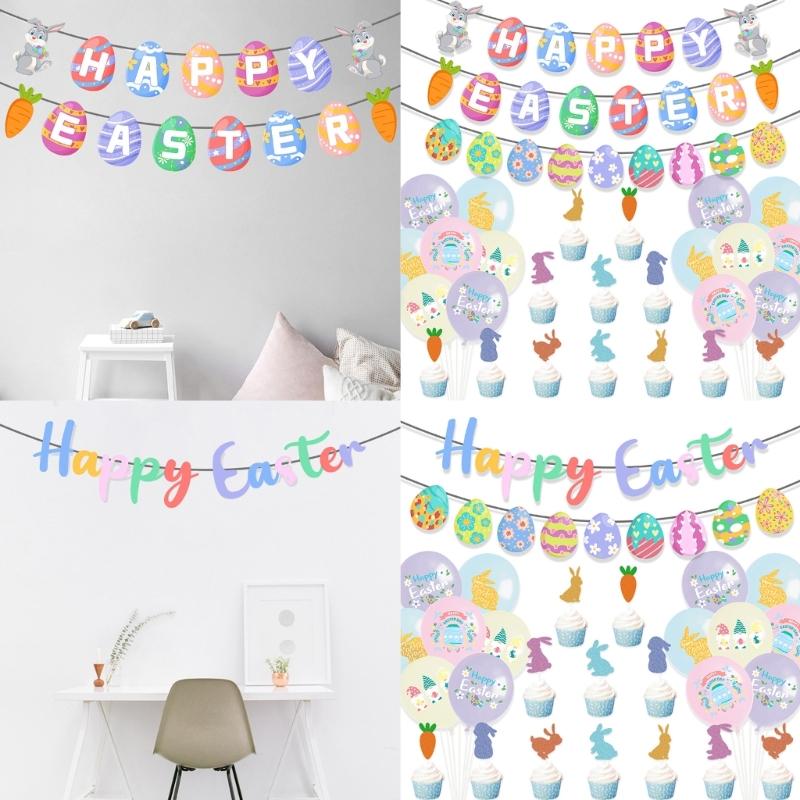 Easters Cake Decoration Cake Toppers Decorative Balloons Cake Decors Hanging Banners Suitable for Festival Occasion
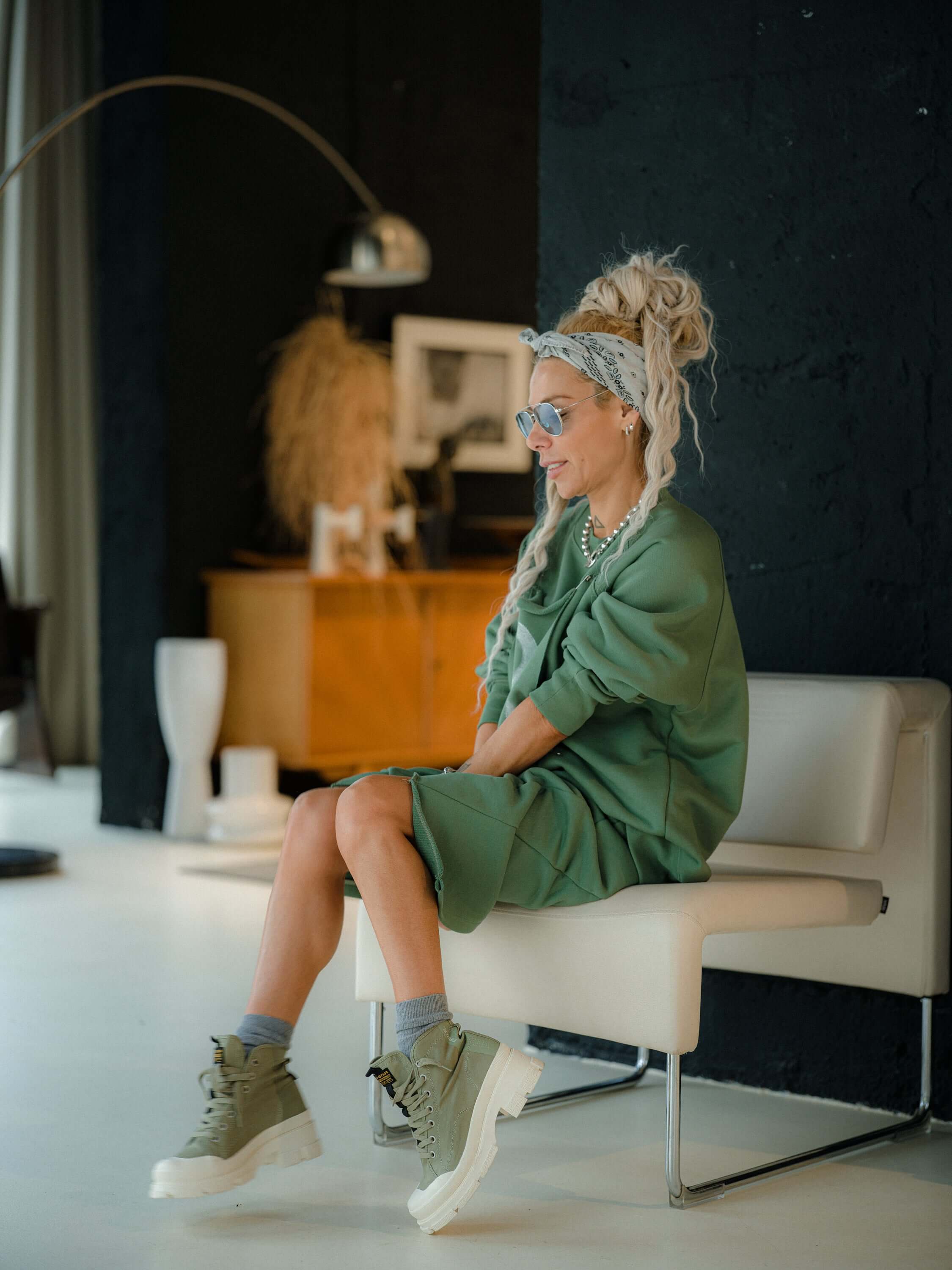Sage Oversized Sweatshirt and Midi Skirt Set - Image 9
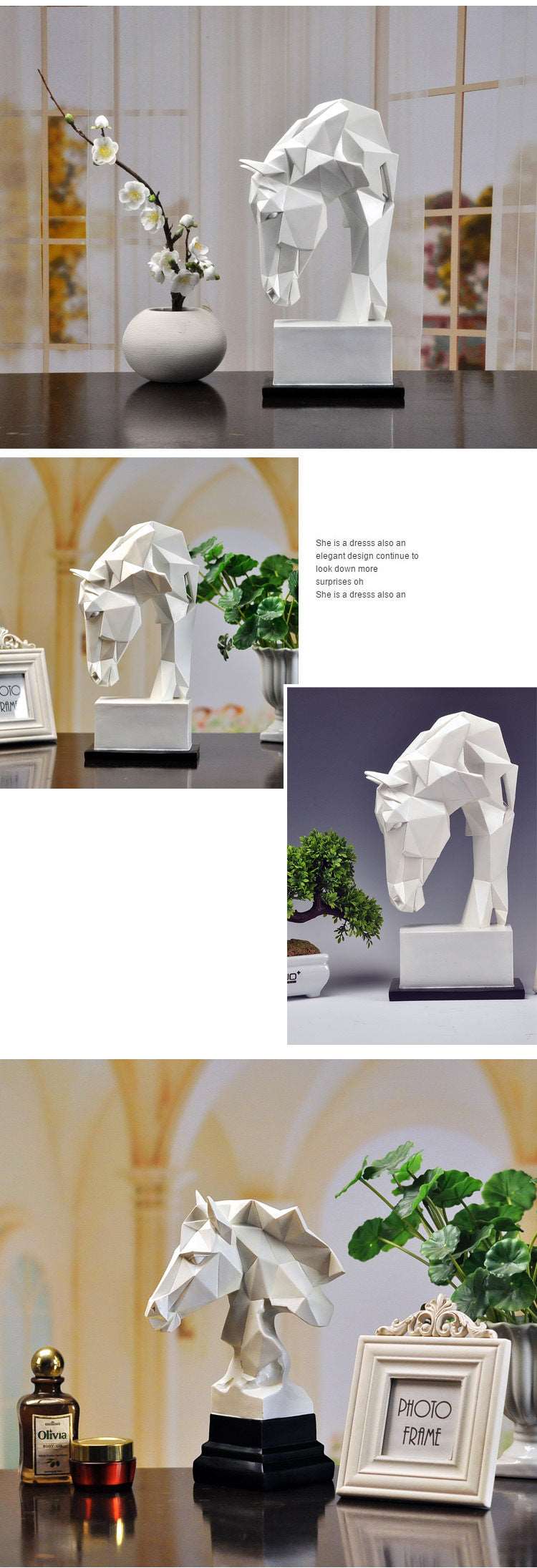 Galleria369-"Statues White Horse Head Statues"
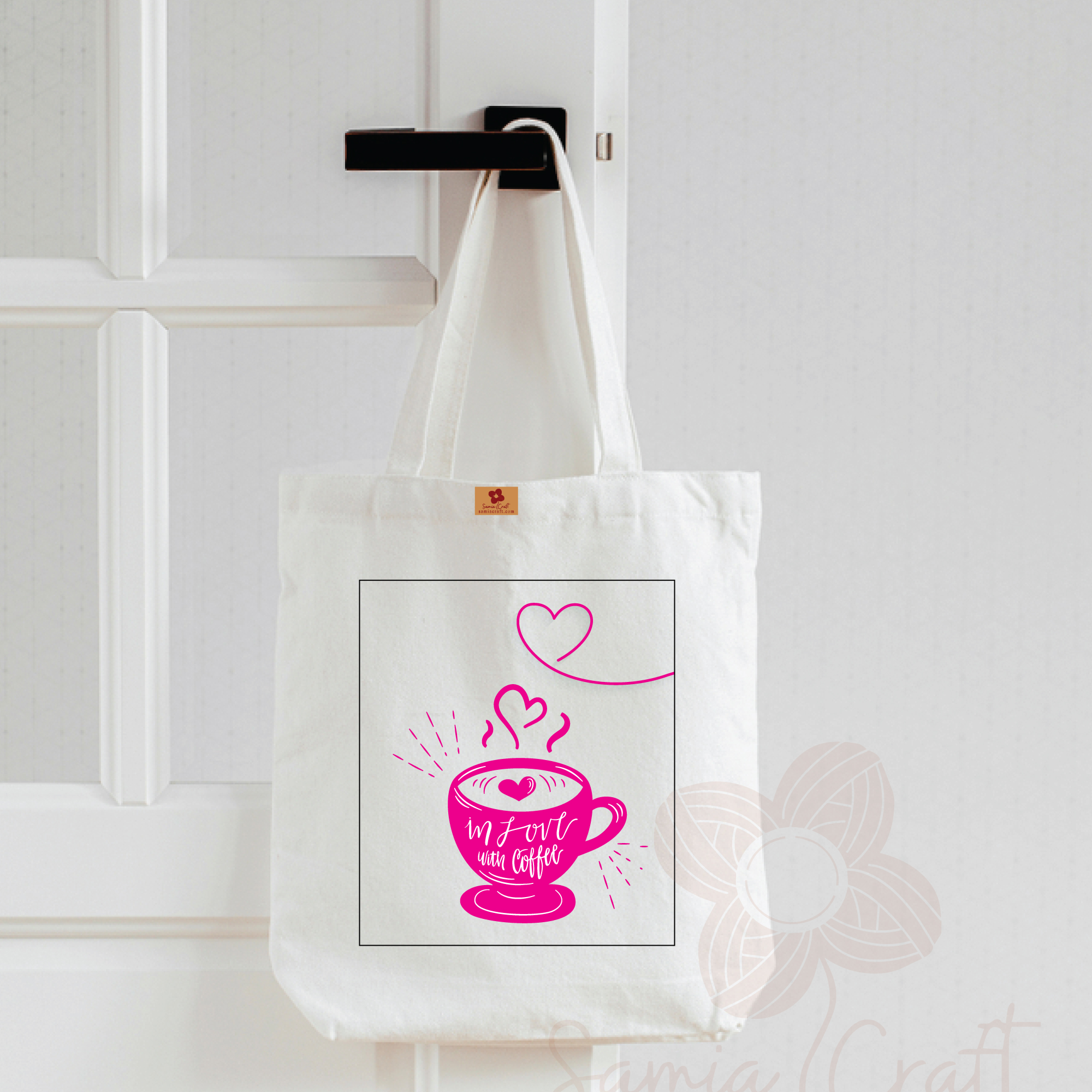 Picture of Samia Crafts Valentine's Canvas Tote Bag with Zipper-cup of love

---

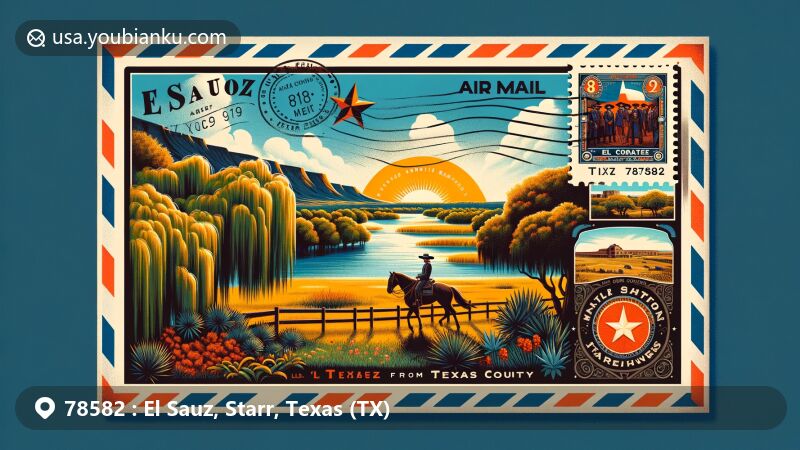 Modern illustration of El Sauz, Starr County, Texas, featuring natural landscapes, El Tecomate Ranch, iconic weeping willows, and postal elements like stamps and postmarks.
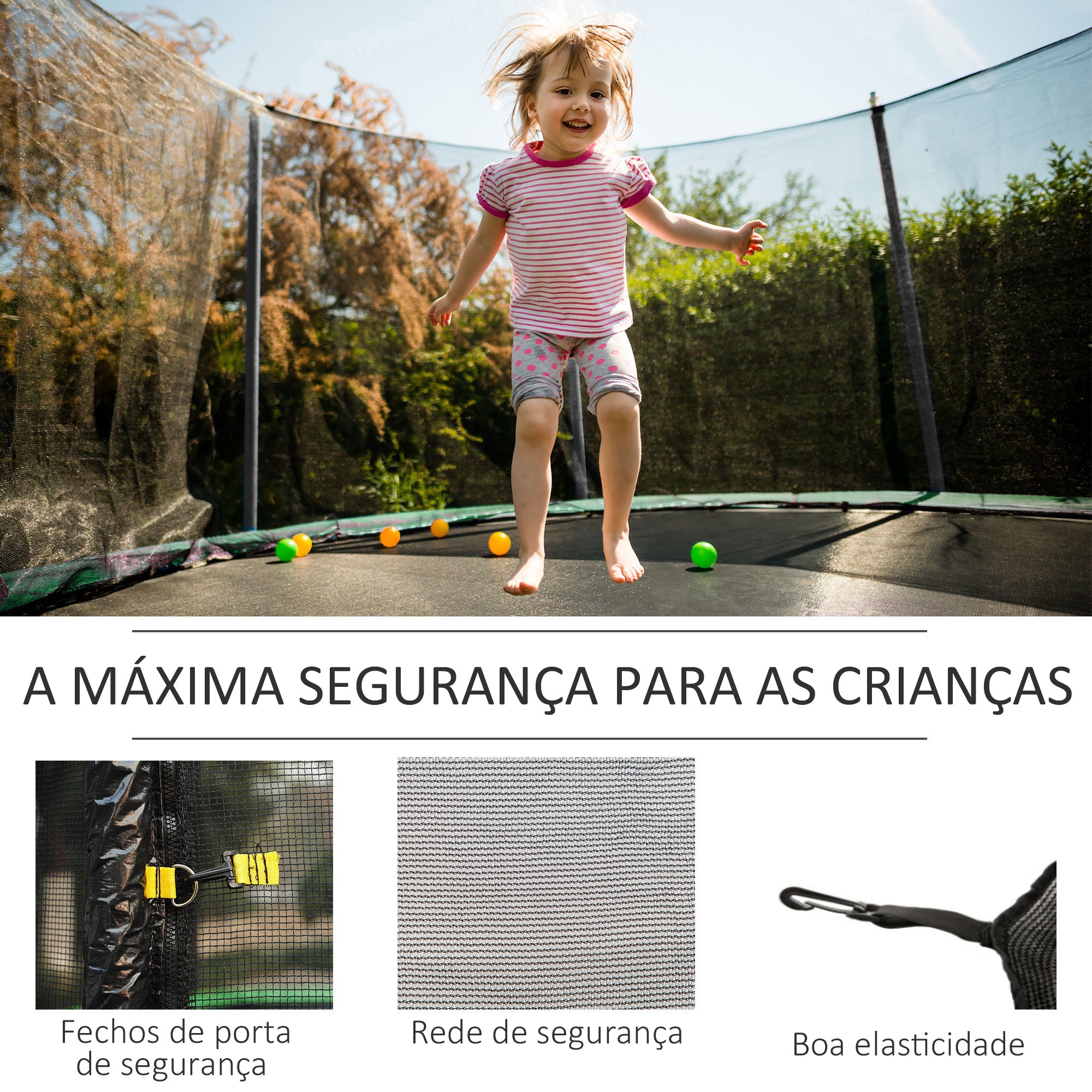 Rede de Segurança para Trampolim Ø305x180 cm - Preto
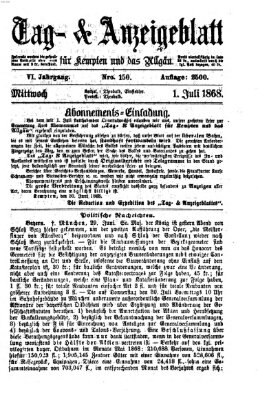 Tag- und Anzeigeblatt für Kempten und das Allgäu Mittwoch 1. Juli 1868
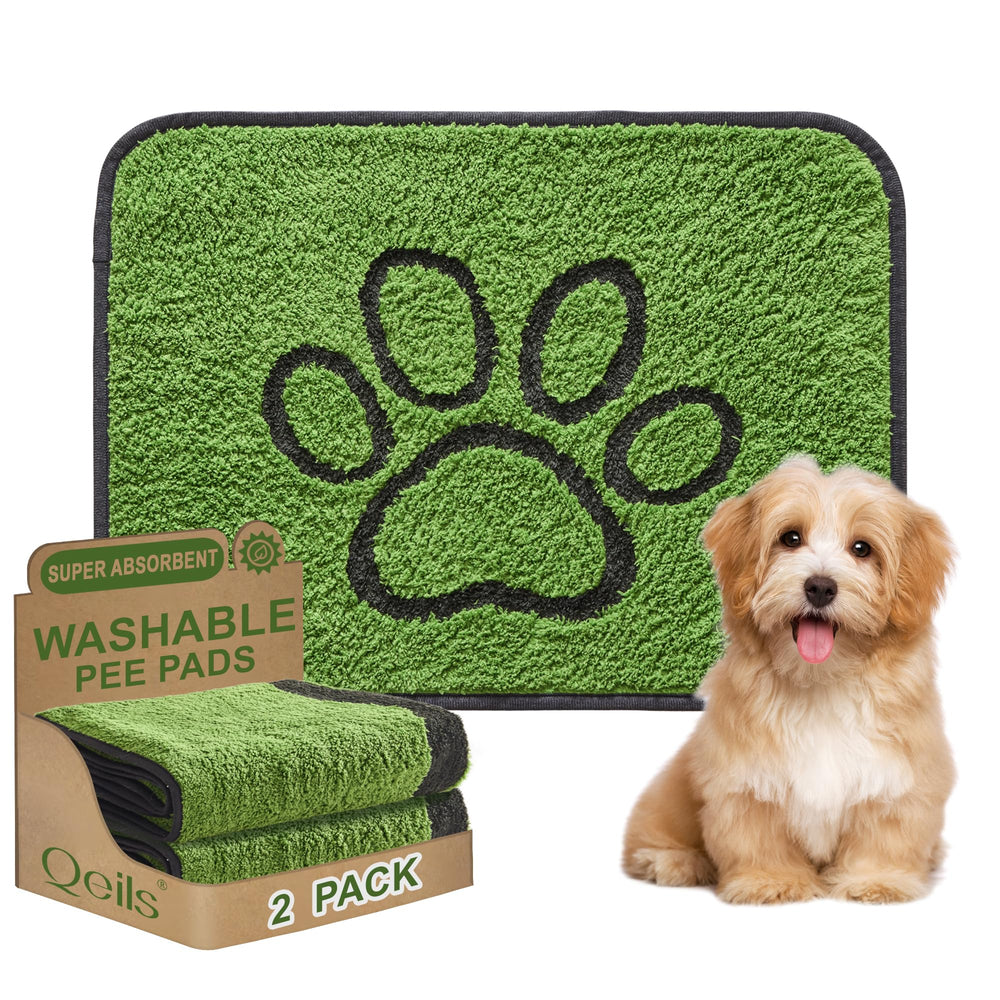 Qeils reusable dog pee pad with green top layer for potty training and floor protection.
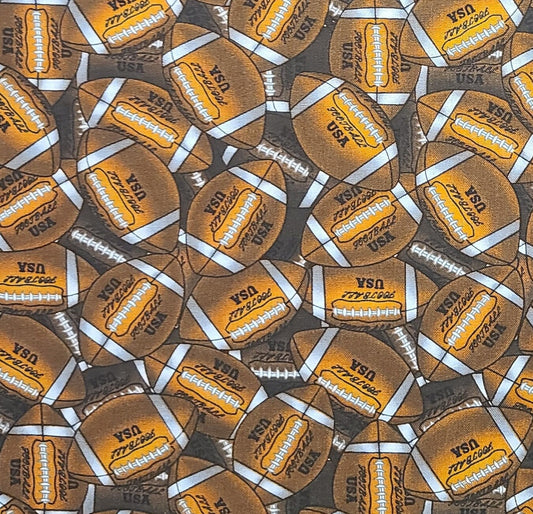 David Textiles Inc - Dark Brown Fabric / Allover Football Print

Task statement:
In the listing above, find the line with "Easters Cake Decoration" and the line with "Picture of Samia". Transcribe those two and everything between, exactly, leaving out pictures.

Answer section:
 Easters Cake Decoration Cake Toppers Decorative Balloons Cake Decors Hanging Banners Suitable for Festival Occasion
Sage Oversized Sweatshirt and Midi Skirt Set - Image 9
 Galleria369-"Statues White Horse Head Statues"
 Picture of Samia Crafts Valentine's Canvas Tote Bag with Zipper-cup of love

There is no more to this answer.